Some of the biggest players in the sponsorship market are either moving away from traditional sporting platforms or are bolstering their CSR policies with social and cultural sponsorship. CSR used to be about managing areas that a brand could twist in their favour to generate positive headlines and is typically solely focused on public image. It could be said that some brands simply invest into platforms as they think it will make them look like they are making a difference.
With the increased focus on the environment, businesses are invested in embedding the sustainable, charitable, cultural and social sponsorship in their CSR policies. This can bolster their offering and help increase customer loyalty, public perception and employee engagement.
The primary objective of sponsorship in this space is generally not to drive revenue for the brand, but this can of course happen. In essence, these CSR policies are used to communicate to the wider audience that the business i.e. Banks, Oil Companies and Hedge Funds are giving back to the community and the wider ecosystem.

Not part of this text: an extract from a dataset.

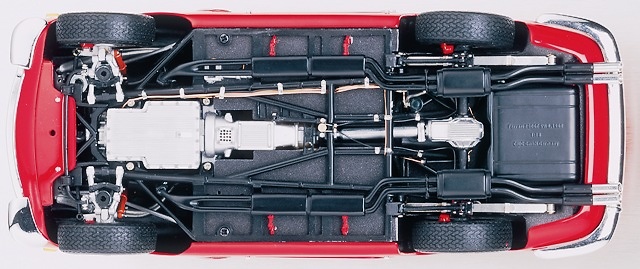 Ferrari 250 GT Berlinetta batalla corta SWB (1961) CMC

A large majority of CSR sponsorship takes place geographically close to the sponsors HQ. The main reason for this is so the brand can be seen to be involved with its local community and help encourage local or smaller not for profit businesses. Brands will also use these sponsorships to encourage employees to partake in wholesome activities to enrich their lives and ultimately, for effective employee engagement.

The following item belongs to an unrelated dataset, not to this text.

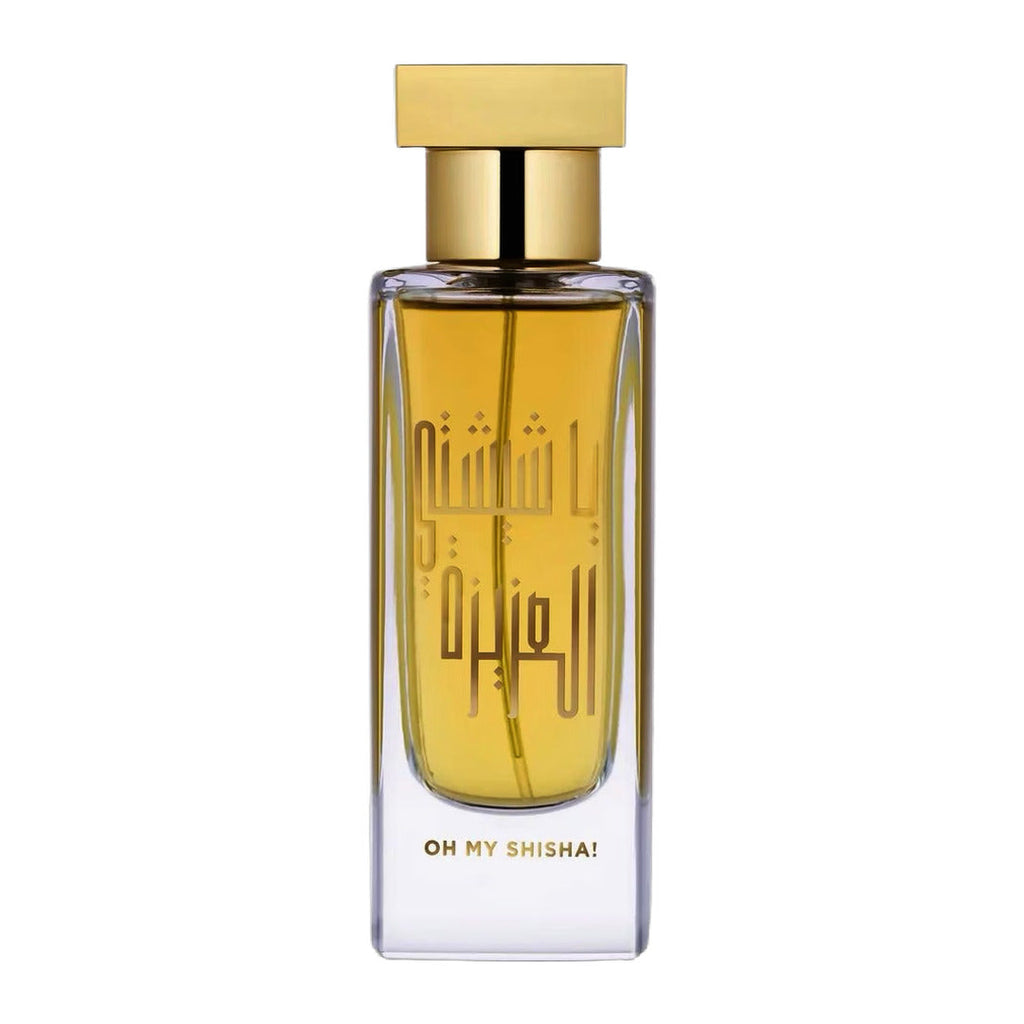 Azman Oh My Shisha eau de parfum bottle on white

But can sponsorship within CSR actually make a difference to public image of the brand, benefit the rights holder and, in turn, help the wider community?

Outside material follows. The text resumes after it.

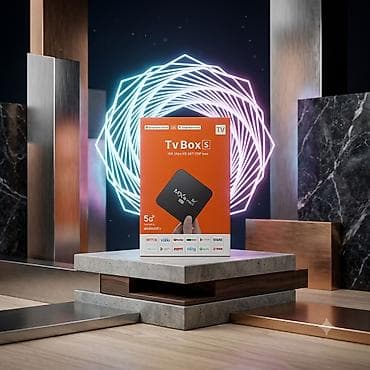 смарт: 📺 Смарт ТВ-приставка MXQ Pro 5G (8/128 ГБ) Превратите любой телевизор — 1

A perfect example of how this can backfire is BP’s recent withdrawal from sponsorship of their 27 year relationship with the Tate Gallery.
From the very beginning the partnership was tainted with regular protests and criticism. It was difficult to see how BP were involved with these institutions other than to try to improve public perception of the company. A company that is seen to only care about profits and continually harm the environment.
It was revealed that BP’s financial contribution to the gallery was between £150k-£330k per year, and their main reason for withdrawal was due to tightened budgets. So, it can be forgiven that the public didn’t really see this as a real reason when in 2015 BP’s CEO was awarded a $1.4m cash bonus! In this case, it also reflects negatively on the rights holder. They have the power whether or not they approve a brand as a sponsor and it must be more than just the money.
For a successful sponsorship to happen, not just within CSR, there must be a genuine alignment and a visible proof the brands involvement is benefiting the rights holder. These sponsorships can naturally unlock unique assets from the rights holder such as providing the opportunity to offer money can’t buy experiences to client’s such as late night gallery viewings, interviews with artists or even just a different space to conduct board meetings.
Once a strong proposition has been created and integrated then the sponsor can start to think about generating an ROI. Otherwise it is essentially sponsoring with the hope it can make a difference to the brands public image.